Collaborators: Christine Nothelfer1, Michael Gleicher2, Steven Franconeri1
1Department of Psychology, Northwestern University, 2Department of Computer Sciences, University of Wisconsin - Madison
The redundant use of multiple visual features (redundant encoding) is a common data visualization technique. However, there is surprisingly very little evidence that there is a benefit to adding such visual complexity. Here we tested whether selection performance is better for simultaneous selection of multiple dimensions (color and shape) that specify the same set, relative to selection of either dimension alone. That is, is conjunctive selection helpful, even when the extra dimension is redundant? Below is a summary of our study.
Take-away 1: Visual selection is better with redundant encoding
When participants were asked to simultaneously visually select a large set of objects and indicate the global shape of a set of target objects, accuracy was much higher when those objects were redundantly encoded by color and shape (88%, across 3 experiments) than when those objects were encoded by color alone (66%) and shape alone (58%). This suggests that visual selection is better when selecting redundantly encoded objects. Further, this task was remarkably accomplished with a very brief (staircased) display time (M=89ms, SD=32ms).

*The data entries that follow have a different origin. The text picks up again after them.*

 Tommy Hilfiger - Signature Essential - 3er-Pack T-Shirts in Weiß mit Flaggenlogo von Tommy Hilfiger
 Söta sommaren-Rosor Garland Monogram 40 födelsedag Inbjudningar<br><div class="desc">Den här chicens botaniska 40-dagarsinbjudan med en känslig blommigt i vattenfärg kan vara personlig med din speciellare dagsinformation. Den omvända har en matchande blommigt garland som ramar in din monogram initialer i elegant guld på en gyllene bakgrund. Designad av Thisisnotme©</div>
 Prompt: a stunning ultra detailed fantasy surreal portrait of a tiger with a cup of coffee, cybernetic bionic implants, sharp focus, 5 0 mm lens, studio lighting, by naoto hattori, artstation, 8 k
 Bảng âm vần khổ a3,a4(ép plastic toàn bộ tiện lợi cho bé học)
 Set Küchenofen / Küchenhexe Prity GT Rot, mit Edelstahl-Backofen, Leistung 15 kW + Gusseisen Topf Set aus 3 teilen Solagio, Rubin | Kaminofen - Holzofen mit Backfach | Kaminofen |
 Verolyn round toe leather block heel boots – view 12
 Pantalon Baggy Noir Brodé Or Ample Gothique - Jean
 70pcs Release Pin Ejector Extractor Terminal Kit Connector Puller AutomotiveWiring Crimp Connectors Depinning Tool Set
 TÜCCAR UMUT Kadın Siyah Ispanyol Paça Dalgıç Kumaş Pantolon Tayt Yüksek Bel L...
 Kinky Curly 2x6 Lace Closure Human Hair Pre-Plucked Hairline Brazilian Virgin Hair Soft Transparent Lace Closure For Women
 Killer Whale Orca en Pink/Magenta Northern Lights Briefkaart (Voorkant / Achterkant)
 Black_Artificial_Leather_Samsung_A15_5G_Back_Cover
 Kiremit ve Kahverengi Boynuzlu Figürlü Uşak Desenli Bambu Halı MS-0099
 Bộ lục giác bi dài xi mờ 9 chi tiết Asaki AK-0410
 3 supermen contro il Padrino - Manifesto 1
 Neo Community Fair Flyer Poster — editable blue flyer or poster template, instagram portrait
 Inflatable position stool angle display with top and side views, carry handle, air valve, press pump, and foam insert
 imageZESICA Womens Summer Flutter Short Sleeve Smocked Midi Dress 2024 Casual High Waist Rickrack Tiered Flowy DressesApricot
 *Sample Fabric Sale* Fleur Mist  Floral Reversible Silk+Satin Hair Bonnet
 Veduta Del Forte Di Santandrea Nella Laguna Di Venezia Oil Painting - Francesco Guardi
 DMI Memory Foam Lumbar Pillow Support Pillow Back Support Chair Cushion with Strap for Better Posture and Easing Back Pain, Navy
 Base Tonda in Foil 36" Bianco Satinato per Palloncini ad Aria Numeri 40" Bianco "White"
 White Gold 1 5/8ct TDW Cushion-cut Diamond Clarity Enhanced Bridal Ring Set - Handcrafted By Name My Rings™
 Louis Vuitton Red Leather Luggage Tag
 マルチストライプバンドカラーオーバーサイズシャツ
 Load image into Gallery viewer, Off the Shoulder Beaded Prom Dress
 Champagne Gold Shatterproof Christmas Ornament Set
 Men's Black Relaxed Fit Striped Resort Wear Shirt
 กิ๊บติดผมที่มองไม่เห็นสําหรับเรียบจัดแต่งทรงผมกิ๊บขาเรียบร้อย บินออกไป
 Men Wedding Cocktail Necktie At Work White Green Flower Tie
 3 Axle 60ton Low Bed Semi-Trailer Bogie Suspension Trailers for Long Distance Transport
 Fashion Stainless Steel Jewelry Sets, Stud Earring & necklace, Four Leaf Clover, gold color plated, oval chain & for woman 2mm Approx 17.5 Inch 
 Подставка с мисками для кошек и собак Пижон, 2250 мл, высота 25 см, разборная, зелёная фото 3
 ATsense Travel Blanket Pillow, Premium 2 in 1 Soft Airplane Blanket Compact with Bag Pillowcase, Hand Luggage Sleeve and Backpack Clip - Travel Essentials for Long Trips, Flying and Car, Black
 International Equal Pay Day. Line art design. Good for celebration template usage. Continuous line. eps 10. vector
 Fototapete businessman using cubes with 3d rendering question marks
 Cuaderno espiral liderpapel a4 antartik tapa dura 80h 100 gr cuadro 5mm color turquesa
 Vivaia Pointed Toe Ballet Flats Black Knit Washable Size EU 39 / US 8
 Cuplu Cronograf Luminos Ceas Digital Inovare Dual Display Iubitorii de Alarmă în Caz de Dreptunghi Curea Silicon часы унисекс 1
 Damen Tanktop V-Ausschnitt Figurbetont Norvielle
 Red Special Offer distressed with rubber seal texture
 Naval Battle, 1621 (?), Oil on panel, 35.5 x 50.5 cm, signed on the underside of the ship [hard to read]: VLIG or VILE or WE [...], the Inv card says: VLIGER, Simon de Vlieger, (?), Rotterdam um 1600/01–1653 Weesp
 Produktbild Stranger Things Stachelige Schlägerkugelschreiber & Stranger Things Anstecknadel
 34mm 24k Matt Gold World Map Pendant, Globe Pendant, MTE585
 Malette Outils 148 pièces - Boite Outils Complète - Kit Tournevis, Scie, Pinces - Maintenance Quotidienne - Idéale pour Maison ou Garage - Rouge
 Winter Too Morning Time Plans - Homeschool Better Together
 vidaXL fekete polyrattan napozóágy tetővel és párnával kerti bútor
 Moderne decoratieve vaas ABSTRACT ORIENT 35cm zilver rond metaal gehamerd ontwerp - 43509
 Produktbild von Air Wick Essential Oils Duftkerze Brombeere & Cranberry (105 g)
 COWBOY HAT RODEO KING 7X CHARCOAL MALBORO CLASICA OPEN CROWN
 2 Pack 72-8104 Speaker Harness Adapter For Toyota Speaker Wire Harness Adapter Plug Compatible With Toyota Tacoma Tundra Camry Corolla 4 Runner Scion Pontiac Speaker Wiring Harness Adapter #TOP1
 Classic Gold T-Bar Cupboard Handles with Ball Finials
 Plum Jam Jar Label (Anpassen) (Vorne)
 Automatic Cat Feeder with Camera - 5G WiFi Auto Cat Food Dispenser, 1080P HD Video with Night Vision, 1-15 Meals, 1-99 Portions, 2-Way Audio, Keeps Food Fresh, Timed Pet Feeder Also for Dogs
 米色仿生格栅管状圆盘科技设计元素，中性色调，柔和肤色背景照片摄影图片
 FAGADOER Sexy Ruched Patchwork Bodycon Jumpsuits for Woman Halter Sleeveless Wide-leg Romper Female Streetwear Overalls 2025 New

Take-away 2: Grouping is stronger with redundant encoding
To investigate whether the redundancy benefit generalizes to other tasks, we used the repetition discrimination task (Palmer & Beck, 2007), which assesses the strength of a grouping cue. We tested grouping by luminance similarity, shape similarity, and (redundant) luminance combined with shape similarity. Grouping strength is assessed as the difference in response time to detecting the repeated letter (A or H) when it occurs within a group vs between groups. Our results revealed that grouping is much stronger when objects are redundantly encoded by luminance & shape, than when encoded by either dimension alone.
These findings have implications for the way that we encode features in data visualization (e.g., when graphing software such as Microsoft Excel defaults to redundant shape/color conjunctions in graph glyphs). More broadly, this result applies to how we attend to objects in our daily environment – it is much more likely that an object will differ from its surrounding objects in multiple feature dimensions than a single feature dimension.